The question hinges around what changed the day on the mountain. Was it Jesus? Did he actually change his appearance so that he shone like the sun? I don’t think so. Jesus is the same yesterday, today, and forever. So, if he didn’t change in that moment, what did? It was my eyes, my vision. On that mountaintop, I saw him the way God saw him, as a luminous being, full of light, the Beloved of God. God gave me the gift of transfigured eyes, eyes that could see as God sees.

I’ve spent the rest of my life trying not to isolate this gift only to when I find myself on mountaintops. I try to remember that God gave me this gift to use all the time, this gift of seeing as God sees. And so I try to use it every day. I look at the person I am with, and I try to remember to see them through God’s eyes, just as I saw Jesus that day on the mountain. And on the rare day I do remember to do it, the person I am with is just as luminous, just as full of light, as Jesus was. They, too, are the Beloved of God.

Looking at you now, I see through the gift of transfigured eyes. You are God’s Beloved, and so is everyone else. That’s the Vision I have – to make a world in which everyone feels like God’s Beloved, is treated like God’s Beloved, is embraced as God’s Beloved, each and every person and all of God’s creation full of the luminous love of God. That’s the world I see in my Vision, and it’s the one my eyes long to behold. I won’t live long enough to see it this side of paradise, but that won’t stop me from working for it. You, young ones, probably won’t see it fully realized either. But that cannot stop you from practicing to see with those transfigured eyes, to see the reality of God’s belovedness radiating out from every corner of creation.
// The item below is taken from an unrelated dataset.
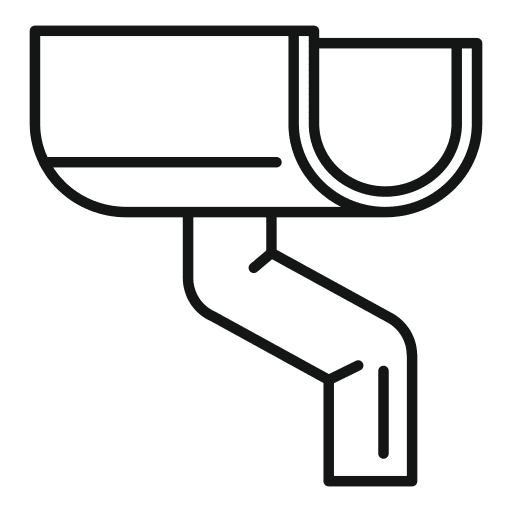 Simple line drawing of a gutter downspout for roofing drainage.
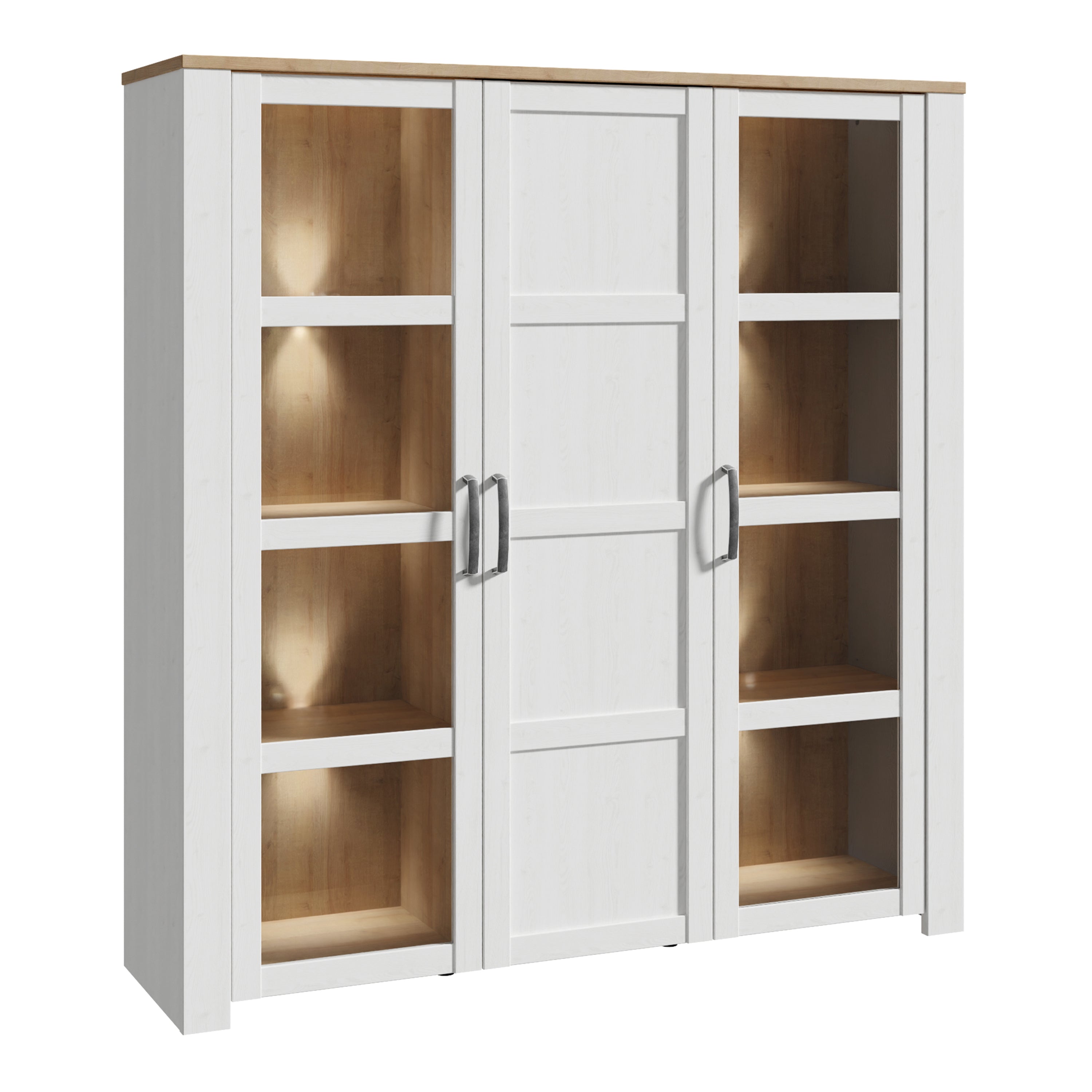 Balmoral Large Display Cabinet inc. 4x LED Lights in Riviera Oak/White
So, the next time you go walking with Jesus – and he’s there, I believe that to be true, walking hand in hand or one step ahead…the next time you go walking with Jesus, look out at this world with eyes that see the grandeur of God. See as God’s sees, belovedness everywhere you look.

One thought on “The Vision

  1. Thank you, Adam, for this lovely meditation on yesterday’s Gospel reading. I hope to be able to see belovedness everywhere.